• **Supplied data**:
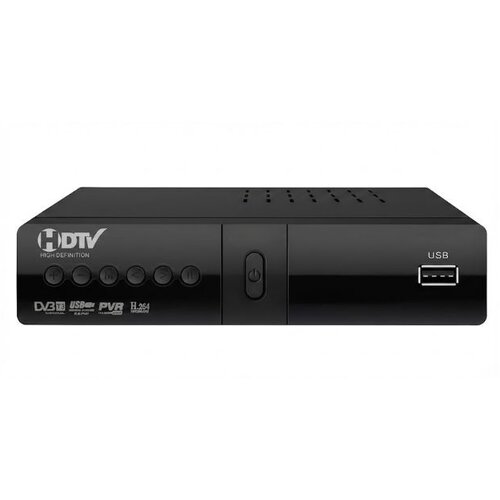  Zemaljski digitalni prijemnik DVB-T2 Cijene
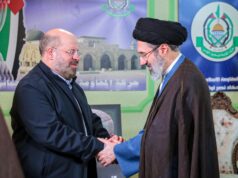 Não espere que Trump feche um acordo com o novo líder do Irã tão cedo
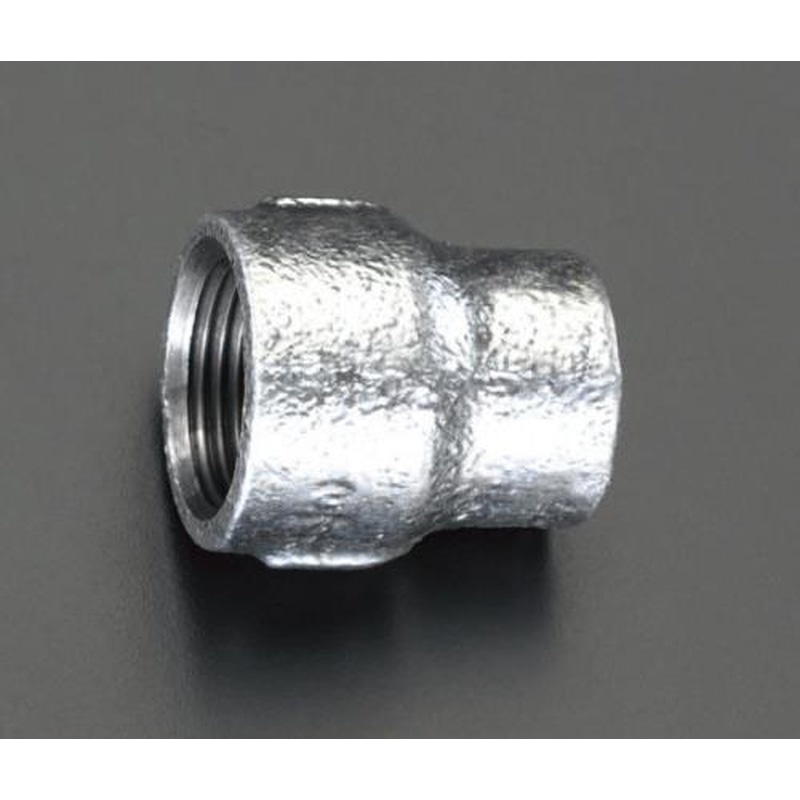 エスコ EA469BB-2 Rc1”xRc1/2”異径ソケット 1個（ご注文単位1個）【直送品】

• **What to work on**:
Quote the data exactly, leaving every image out of the copy.

• **Exercise answer**:
  Zemaljski digitalni prijemnik DVB-T2 Cijene
 Não espere que Trump feche um acordo com o novo líder do Irã tão cedo
 エスコ EA469BB-2 Rc1”xRc1/2”異径ソケット 1個（ご注文単位1個）【直送品】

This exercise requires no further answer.